Cuenta el mito que Zeus descubre a la dulce Europa en una playa acompañada de sus amigas. De inmediato se enamora de ella y reflexiona sobre el modo de seducirla. Se metaformosea en un toro blanco cuyos cuernos son semejantes a la luna creciente y se acerca a la bella doncella, a cuyos pies se tumba, admirado y aparentemente sumiso. Europa, que al principio se asusta ante el magnífico animal -ignora quien es-, pierde el temor y comienza a acariciar el lomo, el cuello y la cabeza del toro. Al final, confiada, se sube a su lomo, momento que Zeus aprovecha para levantarse y lanzarse al mar, ajeno a los gritos asustados de las amigas y de la propia Europa. De este modo la conduce a Creta, donde la amará junto a unos plataneros. La mayoría de las versiones hablan de tres hijos que Europa le da a Zeus: Minos, Sarpedón y Ramantis, que serán adoptados por Asterión, rey de Creta, sin hijos, con quien se casará Europa a petición de Zeus, quien sabe si para ocultar su nueva infidelidad a Hera, celosa por tantos devaneos del padre de los dioses y de los hombres.

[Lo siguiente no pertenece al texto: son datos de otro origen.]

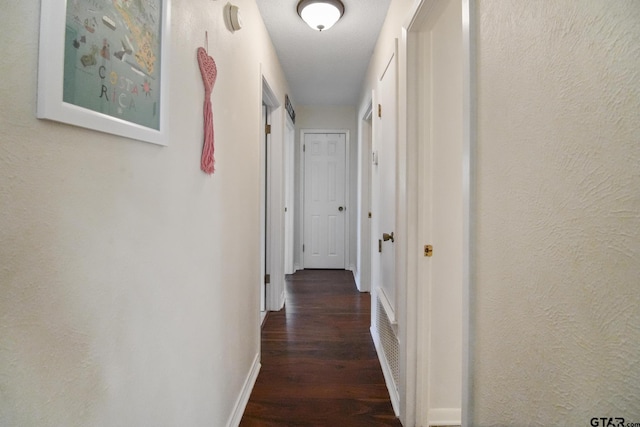 hall featuring wood finished floors, baseboards, and a textured wall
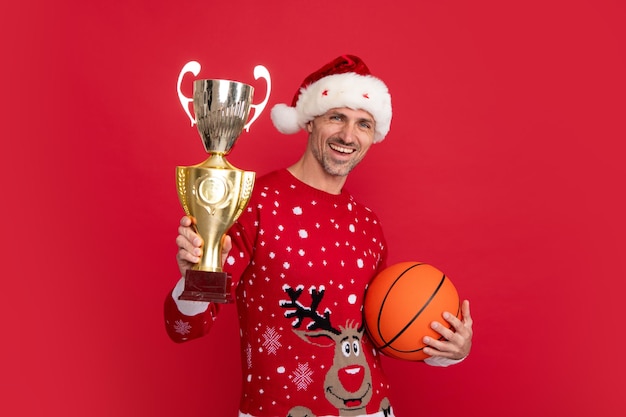 Santa trainer tenere palla da basket e coppa campione Ritratto di uomo di mezza età in maglione isolato su sfondo rosso Concetto di vacanze felicità emozioni e celebrazione del Natale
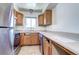 A full view of the cozy kitchen featuring wood cabinets and stainless steel appliances at 3351 S Field St # 164, Lakewood, CO 80227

Admirado por la belleza de Europa y agradecido sin duda por los gratos momentos pasados con ella, Zeus le dará tres presentes: una jabalina de caza que nunca erraba el blanco, un perro que no dejaba escapar ninguna pieza y, sobre todo, a Talos, un autómata de bronce imponente cuya misión será la de guardar las costas de Creta para impedir que entren los extranjeros a la isla y que salgan sus habitantes de la misma. De este modo, el imponente Talos se convierte en el guardián de las esencias. Incluso Dédalo, para escapar del laberinto y de Creta junto a su hijo Ícaro, habrá de pegarse alas a la espalda y salir volando del lugar, evitando de este modo el estricto control del gigante.

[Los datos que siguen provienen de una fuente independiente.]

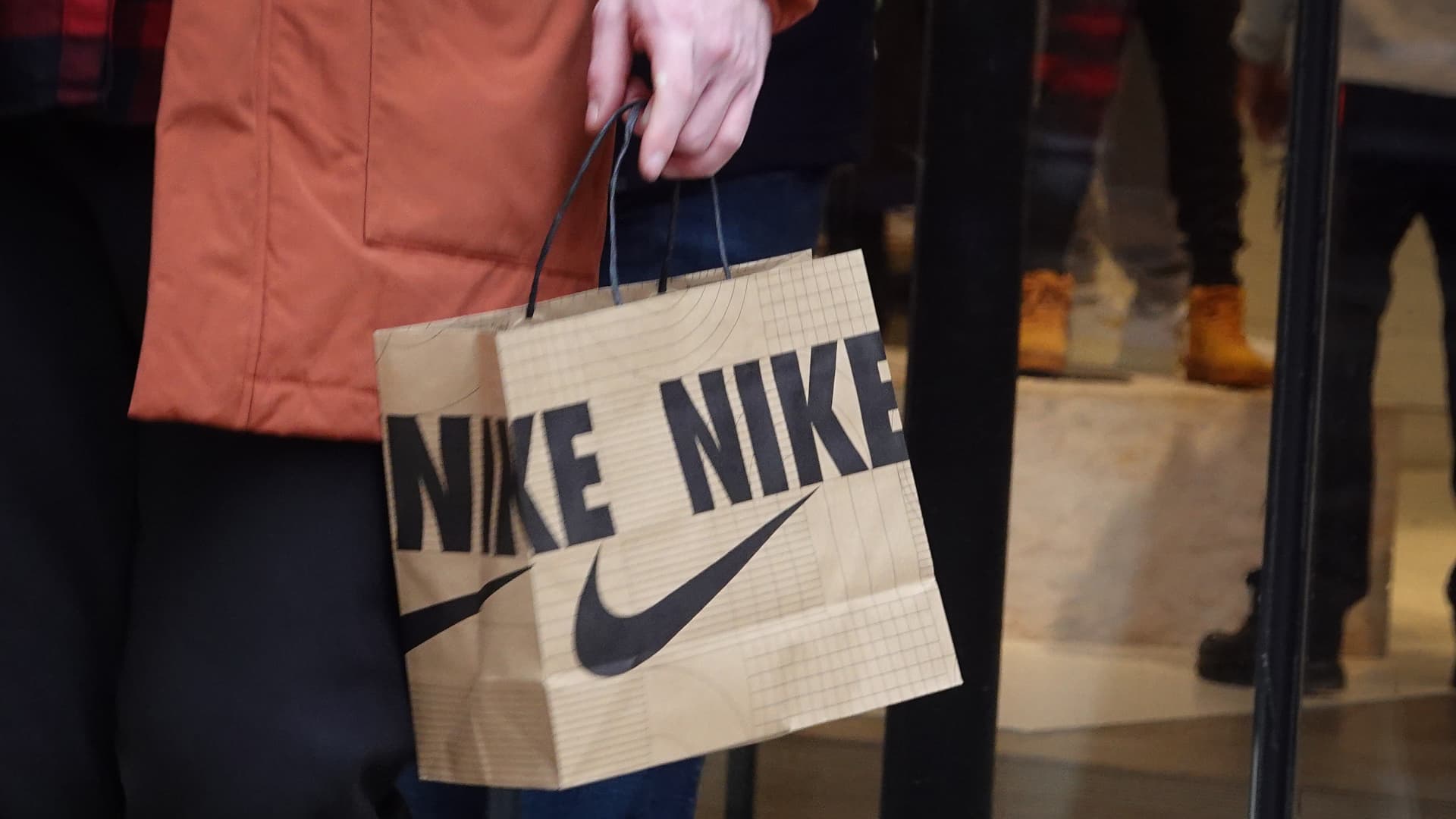 Nike misses on revenue for first time in two years, but stock pops as earnings, margins beat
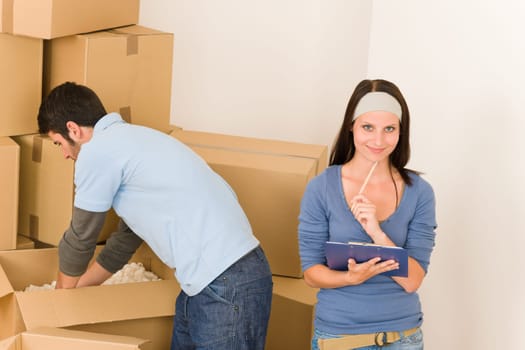 Moving new home young happy couple unpacking cardboard boxes together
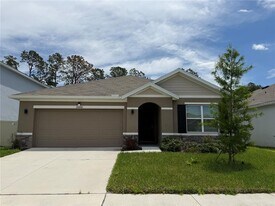 10888 Quail Grv Wy in San Antonio, FL - Building Photo
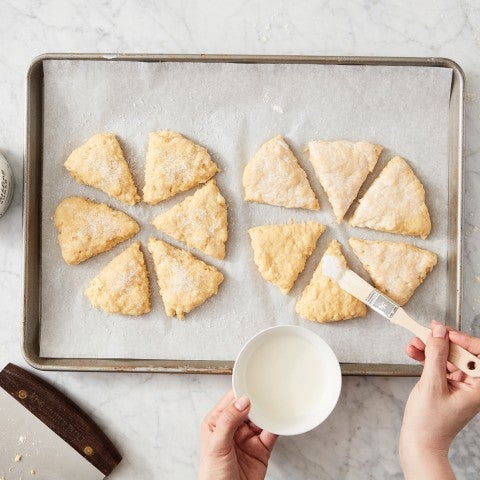 Unbaked scones being brushed with milk - select to zoom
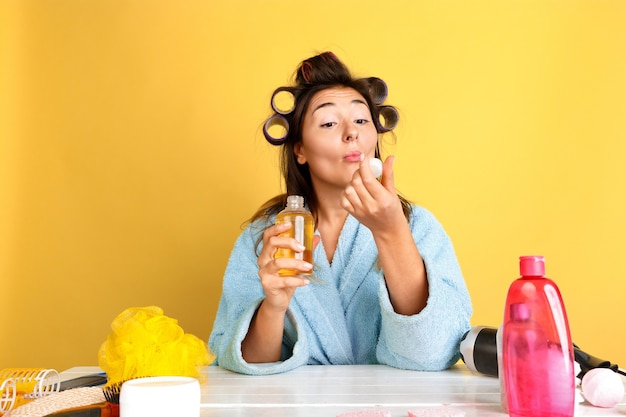 Retrato de joven mujer caucásica en su rutina de belleza día, piel y cuidado del cabello. Modelo de mujer con cosmética natural aplicando cremas y aceites de maquillaje. Cuidado corporal y facial, concepto de belleza natural.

No hay duda que la historia de Talos nos recuerda lo que está pasando desde hace meses en las islas griegas. Casi resulta una premonición. Que no entren los extranjeros, que no se nos cuelen por Europa, que no vaguen por nuestros caminos, que no se conviertan en vecinos y vecinas de nuestras ciudades, en un continente, dicen, que no puede asumir más población. La bella Europa, sostenida durante siglos como faro civilizatoria, referencia de los valores democráticos, amalgama de culturas y de lenguas que se expandieron por el mundo, acude de nuevo a un nuevo Talos que impida la entrada de extraños y sin que salgan los propios. Claro que en esto último, raptada Europa ahora por estructuras de poder, por la UE -se identifica Europa, de modo interesado, con una entidad económica-, parece no haber tenido mucho éxito, ante la decisión de buena parte de los británicos de abandonar la Unión Europea. Es curioso que quienes atribuyen el Brexit a profundas xenofobias latentes en el inconsciente colectivo sean algunos de los que, desde los organigramas institucionales, han levantado nuevas estatuas de Talos que impidan la entrada de personas que huyen de la guerra y de la miseria.
Sin duda habrá que reflexionar mucho más sobre lo que es Europa. De nuevo el debate está sobre la mesa, tal vez porque, al igual que las hojas de los plataneros bajo los cuales yacieron Zeus y la bella doncella, es un tema perenne, la identidad es al fin y al cabo algo dinámico. Algunos antropólogos, al estudiar los pueblos de América Latina, han empleado el concepto de naciones en formación. Claro que las naciones siempre están en formación, no son estáticas, incluso lo son las viejas naciones europeas que de un modo u otro siguen modificándose, cambiando.
Sea lo que fuere, ojalá el debate, de mantenerse, se lleve a cabo no sólo en clave económica. Decía Antonio Machado que el necio confunde valor y precio, y por desgracia lo que ha abundado por estos pagos es la necedad que nos ha traído hasta aquí.